I dont want to be too harsh but I wouldnt find this useful (and my job depends a lot on crawling data)
1. When most people scrape data, they generally are interested in a very specific niche subset of the web. Sure you might have a billion row database of every article ever publisbed, but do you have all the rows of every item sold in FootLocker.com, for instance? As well as the price of each item(which is extracted from some obscure xpath)
2. Second, most people are interested in daily snapshots of a page. Like the daily prices of items in an ecommerce store. Not a static, one time snapshot.
I strongly believe crawling is something that can rarely be productized. the needs are so different for every use case. And even if you were to provide a product that would make crawling obsolete, I would still never use it. Because I dont trust you crawled the data correctly. And clean, accurate data is everything
From what I understand this is not trying to solve the typical e-commerce problem of closely watching your competitors selling something, but rather trying to provide a database to people interested in content on the web.
It probably won't solve the problems you're working on, but I could imagine quite a lot of interesting text analysis cases.
I haven't tried Mixnode yet, but the way I understand it, it lets you query websites and retrieve their HTML content that you can then parse - without you having to crawl the site. Looking at their Github, they seem to utilize WARC, so they may also allow you to request the website for certain timestamps?
That being said, I find this highly interesting, if it works like that. We are working on a peer-to-peer database that lets you query a semantic database, popularized mostly by public web data, but with strong guarantees of accurate and timely data, and this could be a great way to write more robust linked-data converters.
What if the product was a framework for sourcing, aggregating, and visualizing data? When the user is put in control, you don't need to trust the product to do these things for you - it simply enables you to do what you want.
I think this is where the web is headed - where common users gain the ability to perform tasks that currently only developers or technical experts can do.
As a data engineer who needs to crawl websites sometimes, Mixnode looks interesting to me. I agree that it is hard to make scraping a product because it is so use case specific. However crawling, defined as downloading all HTML, PDF, images on a given site, is a pretty common first step and something that could be a product. Then turning that into SQL sounds pretty awesome.
This.
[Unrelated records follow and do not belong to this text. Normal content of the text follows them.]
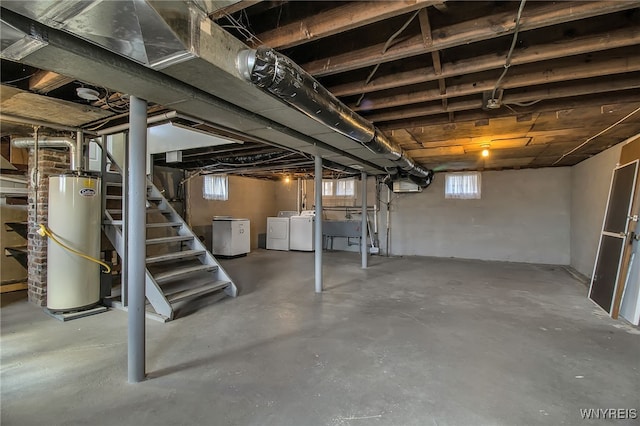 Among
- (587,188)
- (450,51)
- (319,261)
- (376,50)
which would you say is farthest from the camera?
(587,188)

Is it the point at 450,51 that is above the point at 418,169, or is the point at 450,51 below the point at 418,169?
above

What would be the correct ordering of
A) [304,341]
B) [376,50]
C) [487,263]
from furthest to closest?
[487,263], [304,341], [376,50]

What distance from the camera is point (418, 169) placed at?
17.8 ft

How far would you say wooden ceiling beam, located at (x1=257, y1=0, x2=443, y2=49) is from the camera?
144cm

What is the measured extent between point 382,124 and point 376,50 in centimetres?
163

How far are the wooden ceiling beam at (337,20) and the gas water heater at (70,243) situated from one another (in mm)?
2586

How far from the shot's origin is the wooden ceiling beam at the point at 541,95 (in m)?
2.30

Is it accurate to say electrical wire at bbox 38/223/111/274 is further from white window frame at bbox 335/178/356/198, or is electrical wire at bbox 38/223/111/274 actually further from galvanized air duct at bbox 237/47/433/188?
white window frame at bbox 335/178/356/198

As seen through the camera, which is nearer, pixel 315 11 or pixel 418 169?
pixel 315 11

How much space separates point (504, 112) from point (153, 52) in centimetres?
304

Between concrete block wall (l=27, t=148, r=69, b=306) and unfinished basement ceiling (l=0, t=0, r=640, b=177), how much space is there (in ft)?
2.19

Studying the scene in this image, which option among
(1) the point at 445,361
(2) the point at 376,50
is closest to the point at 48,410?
(1) the point at 445,361

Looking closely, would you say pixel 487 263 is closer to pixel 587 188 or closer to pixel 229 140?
pixel 587 188

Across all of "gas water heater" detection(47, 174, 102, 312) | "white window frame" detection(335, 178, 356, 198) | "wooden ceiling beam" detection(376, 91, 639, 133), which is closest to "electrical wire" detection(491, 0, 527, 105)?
"wooden ceiling beam" detection(376, 91, 639, 133) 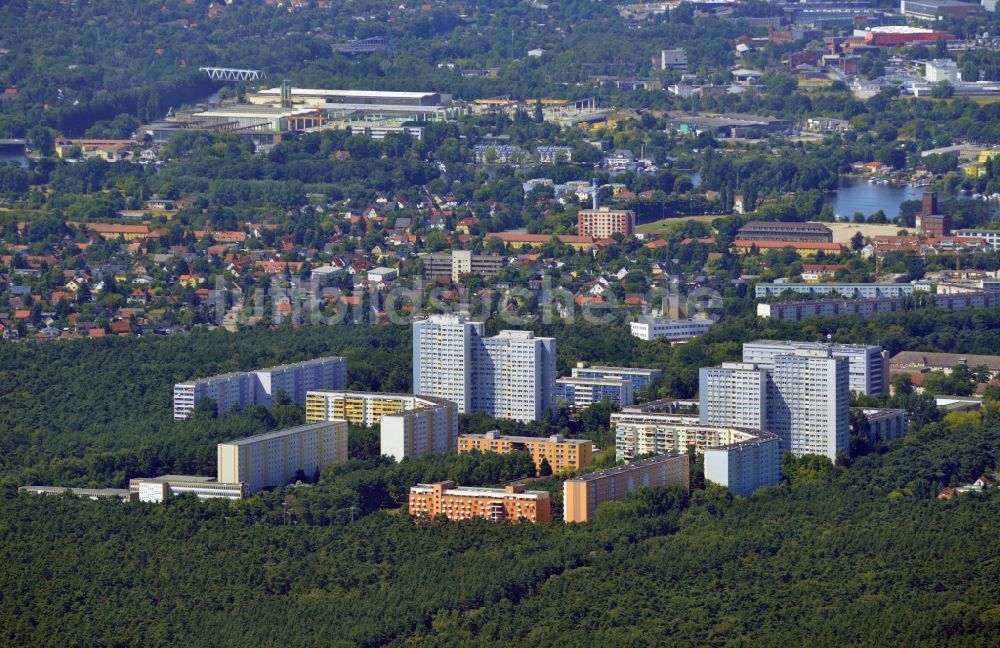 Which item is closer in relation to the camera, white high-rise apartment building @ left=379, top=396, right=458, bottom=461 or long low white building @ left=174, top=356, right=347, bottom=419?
white high-rise apartment building @ left=379, top=396, right=458, bottom=461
I write crawler software (adapters mostly) for the same client, and I could never figure out anneasy way for my client to specify the xpath/case paths in a meaningful way and extract the data.
Every crawler task requires different paging methods, different xpath patterns, etc that it makes things more complicated to generalize it.
There is a product (several of them from one company, actually) for crawling, but it's more of a tooling than a end-user product https://scrapinghub.com
> but do you have all the rows of every item sold in FootLocker.com, for instance? As well as the price of each item(which is extracted from some obscure xpath)
What if they did? Would you buy it then? What could they possibly offer you before you'd be willing to use their product?
I don't think it's actually wrong to call it an alternative. If someone says that going to a restaurant is an alternative to cooking, you know exactly what they mean. It's not an alternative method, but it is an alternative choice.
The problem is that there are two valid interpretations here, and it wasn't clear which was the right one.
Ah, the latest company to replicate ql2's WebQL from the 90s.
https://www.directionsmag.com/article/2901 and still at https://www.ql2.com. Props to Ted Kubaitis who developed WebQL on the side and grew it into a very helpful company for data collection, price tracking, etc.
I am definitely looking forward to seeing more projects like these which will be helpful in transitioning us from Web2.0 to Web3.0
I think the main hurdle we face in transitioning the web we know today to the vision behind all these projects is companies that have already aggregated huge volumes of data. (e.g. Facebook, LinkedIn, Angelist, CrunchBase, Yelp)
They are now doing their best to protect their data to secure their competitive moat. This has the effect of preventing data from being utilized in other ways than was originally intended.
I did write a post about this topic before around 3 months ago as well..
Interesting product. BTW: 10 times posted in HN, first time they’re trending (if you click the domain you’ll see the list). Persistence pays I guess :)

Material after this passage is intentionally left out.